#### What to do:
Exclude all images and print the entries below exactly.
---- Recorded data
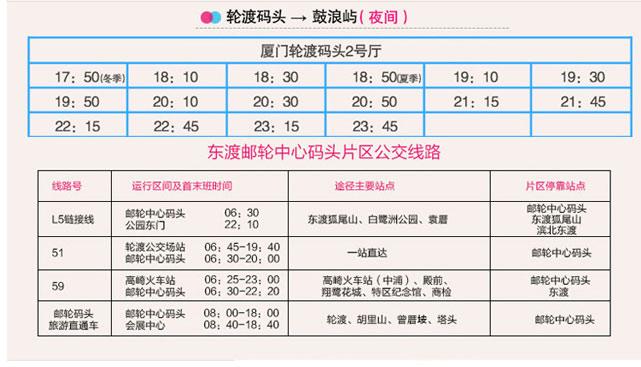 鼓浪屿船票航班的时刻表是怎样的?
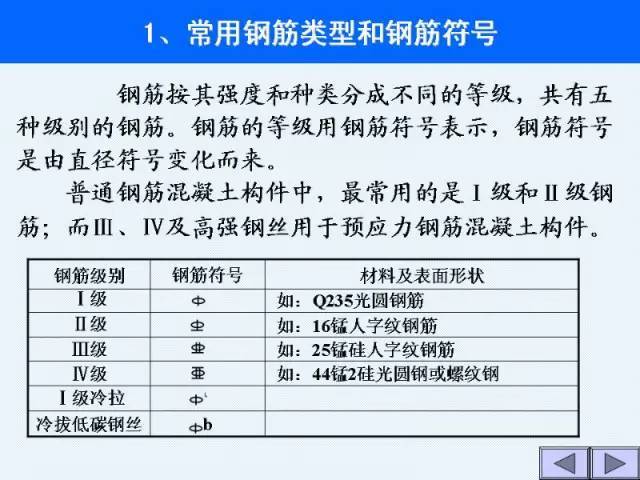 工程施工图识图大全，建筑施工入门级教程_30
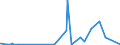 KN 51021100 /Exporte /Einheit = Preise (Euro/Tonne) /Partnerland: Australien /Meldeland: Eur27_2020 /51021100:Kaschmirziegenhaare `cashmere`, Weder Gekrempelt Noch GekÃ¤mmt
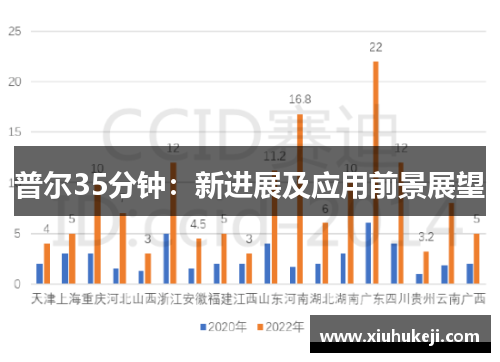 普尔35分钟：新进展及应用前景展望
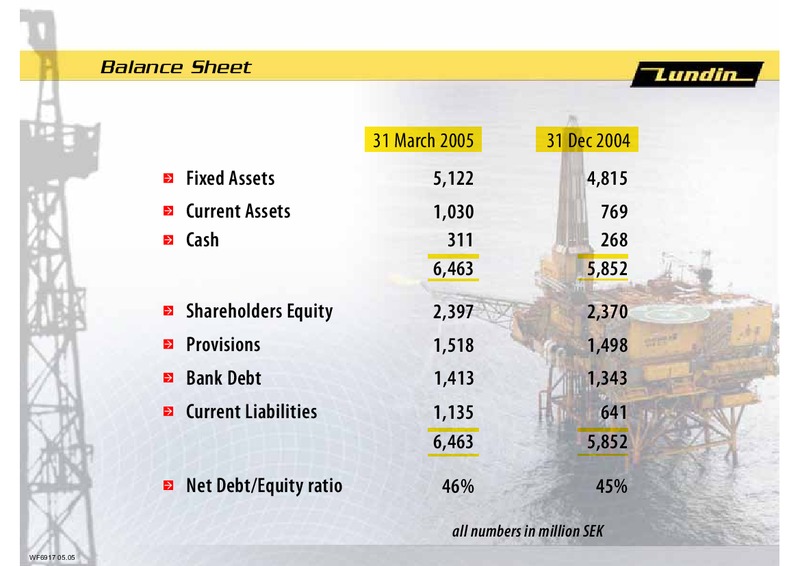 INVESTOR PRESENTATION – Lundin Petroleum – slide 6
--------
#### Solved problem:
 鼓浪屿船票航班的时刻表是怎样的?
 工程施工图识图大全，建筑施工入门级教程_30
 KN 51021100 /Exporte /Einheit = Preise (Euro/Tonne) /Partnerland: Australien /Meldeland: Eur27_2020 /51021100:Kaschmirziegenhaare `cashmere`, Weder Gekrempelt Noch GekÃ¤mmt
 普尔35分钟：新进展及应用前景展望
 INVESTOR PRESENTATION – Lundin Petroleum – slide 6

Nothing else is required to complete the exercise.